# 3 layer substrate...



## matt s (Jun 6, 2007)

Ya might work but... Do Peat moss then organic soil then gravel/sand. Go to lowes they have organic peat moss with limestone in it and it DOES NOT buffer ph. I used it for aquariums and reptiles it works great.


----------



## Homer_Simpson (May 10, 2007)

The thing about this hobby is that you never know if an idea will work or not until you try it, especially if others have never tried it. So, I say try it and see what happens. What is the worst that could happen.

Alternatively you could try the soil and vermiculite(given the vermiculite's extremely high CEC) mixture as described here capped with sand. 
http://www.thekrib.com/Plants/kelly-intro.html

Many people have stated that the vermiculite may cloud the water, but I like to go with the source and not what others say. In this case, the person who tried this does not mention any short term or long term clouding, so obviously for him that was not an issue.

I have always wanted to experiment with this, but just don't have any more space in my home to set up any more fish tanks.

Good Luck.


----------



## SCMurphy (Oct 21, 2003)

I think you might want to do some more reading here before you do this. Do a search on soil substrates and see the discussions about what different kinds of soils do to water quality.

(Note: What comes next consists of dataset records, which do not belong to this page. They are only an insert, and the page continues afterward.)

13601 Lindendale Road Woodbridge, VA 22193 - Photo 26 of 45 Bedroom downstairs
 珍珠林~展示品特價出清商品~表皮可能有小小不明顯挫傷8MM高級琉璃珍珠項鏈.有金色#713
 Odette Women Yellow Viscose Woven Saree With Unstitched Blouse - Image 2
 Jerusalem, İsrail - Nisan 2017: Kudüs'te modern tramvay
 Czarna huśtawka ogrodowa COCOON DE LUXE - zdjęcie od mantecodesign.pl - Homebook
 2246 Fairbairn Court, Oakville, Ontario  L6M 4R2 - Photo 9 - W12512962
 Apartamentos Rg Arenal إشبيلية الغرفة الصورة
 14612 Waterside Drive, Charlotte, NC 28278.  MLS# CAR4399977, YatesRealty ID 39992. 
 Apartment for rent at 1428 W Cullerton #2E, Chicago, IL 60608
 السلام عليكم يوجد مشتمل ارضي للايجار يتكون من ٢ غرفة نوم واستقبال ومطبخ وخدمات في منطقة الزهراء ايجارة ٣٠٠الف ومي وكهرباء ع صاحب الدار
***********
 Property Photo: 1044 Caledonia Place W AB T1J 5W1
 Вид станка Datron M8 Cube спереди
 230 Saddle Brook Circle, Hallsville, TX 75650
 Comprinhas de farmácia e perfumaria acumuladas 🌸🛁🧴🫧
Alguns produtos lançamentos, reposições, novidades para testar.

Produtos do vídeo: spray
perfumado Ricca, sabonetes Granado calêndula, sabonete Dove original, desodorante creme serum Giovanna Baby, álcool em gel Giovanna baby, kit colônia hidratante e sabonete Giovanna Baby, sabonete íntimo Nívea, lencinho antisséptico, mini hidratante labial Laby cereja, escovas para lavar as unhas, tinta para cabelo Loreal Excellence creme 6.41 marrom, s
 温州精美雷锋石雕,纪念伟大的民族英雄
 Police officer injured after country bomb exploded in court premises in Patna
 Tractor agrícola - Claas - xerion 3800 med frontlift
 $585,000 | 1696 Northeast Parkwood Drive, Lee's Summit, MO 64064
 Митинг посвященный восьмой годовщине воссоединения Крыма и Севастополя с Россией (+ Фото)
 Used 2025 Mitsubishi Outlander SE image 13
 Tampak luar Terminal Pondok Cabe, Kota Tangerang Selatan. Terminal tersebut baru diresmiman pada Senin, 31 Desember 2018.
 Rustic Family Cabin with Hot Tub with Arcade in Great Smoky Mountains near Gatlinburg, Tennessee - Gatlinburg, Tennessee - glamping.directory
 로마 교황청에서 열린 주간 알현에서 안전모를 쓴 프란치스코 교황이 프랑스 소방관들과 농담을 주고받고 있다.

Vermiculite does not cloud water, it floats. When it floats up out of the substrate it makes a mess. It does this every time you try to plant something.


----------



## asiansensation2000 (Nov 18, 2007)

psybock said:


> I was thinking about this at work they other day, how would this mixture sound for a plant based substrate...
> 
> -Layer #1 (about 3/4 inch) organic potting soil
> 
> ...


I did something similar and did extensive research. Here's my layers 1. Red Sea heater cables. 2. 3/4 inch playsand. 3. 1 inch Miracle grow potting soil with peat slow release (try not to get the ones with too much phosphates). 4. "First Laterite" mix with 2-3 mm gravel. 5. 2-3 mm gravel to top off. 

Works great for me. Plants are growing like weeds! I do a very light gravel vacuum on the gravel, and I mean "light", just to suck up the crap. The deepest I would vac is 1/4 inch. I disturb nothing.

Total cost of gravel and soil is $20.

Heater cables are optional, I was probably not going to add them but I'm glad I did. For me, it made a very noticeable difference!

Good luck.


----------



## eyebeatbadgers (Aug 6, 2007)

asiansensation2000 said:


> Heater cables are optional, I was probably not going to add them but I'm glad I did. For me, it made a very noticeable difference!


Did you try the same setup previously without an under-gravel heater? That would be the best way to positively say whether or not said heater helped your plants grow faster. I only bring this up because I do not want others to be misled into thinking that they need an expensive heater under their substrate to make their plants grow faster. I've never used one myself, so I can't give personal experience, but it seems to me like their usefulness has been overstated.

To the OP: Instead of potting soil, how about some good ole' river mud? It's free and full of nutrients. I just started a natural planted tank with about an inch of silt/mud from a local creek capped with about a half inch of sand from Home depot. It's only been set up for a week so far, so I have no huge results to give, but everything is still alive! Good luck with your experiment. To me that is what keeps the hobby growing and fun.


----------



## rwong2k (Dec 24, 2004)

I've done somethign like this before but I used peat pellets (hagen ones, since i had store credit)
the only problem or concern I had was uprooting of plants, the water will get messy/cloudy,

on the other hand, my plants grew quite well with this type of substrate setup


----------



## psybock (Jan 12, 2007)

Well, I haven't tried this experiment yet, however, I have been testing the cork bark out in my 5.5 gal bluefin killie breeder tank, the only thing in the tank is the cork fibers (1 inch) pieces of an Indian Almond Leaf (better than black water extract/expert), and java moss. Even with them swimming close to the cork bark it doesn't fly up unless I make it so apparently after being water logged (took 3 days) it stays put and so far hasn't screwed with the water any, so that part is plausible. 

So whenever I use the gravel should I use smaller grain or just plain aquarium gravel which is the size of a pea?

On the one hand the bigger gravel holds plants better, but it's harder to plant stuff like baby tears in it, whereas the smaller grain allows that but also compacts faster....what do you all think?


----------



## RamPuppy (Mar 15, 2006)

my first planted aquarium, i did in '98, had soil from my back yard, mixed w/ osmocote and vermiculite, and covered w/ black tahitian moon sand. the tank was absolutely stunning.

then i moved, i tried to be gentle and keep everything intact, but the substrate shifted, and i didn't want to mess w/ it again, so i bought what i think was the very first generation of flourite (not sure).

When I compare the two tanks, i would take the flourite tank over the soil substrate every day of the week. fewer problems w/ that tank, just as gorgeous.


----------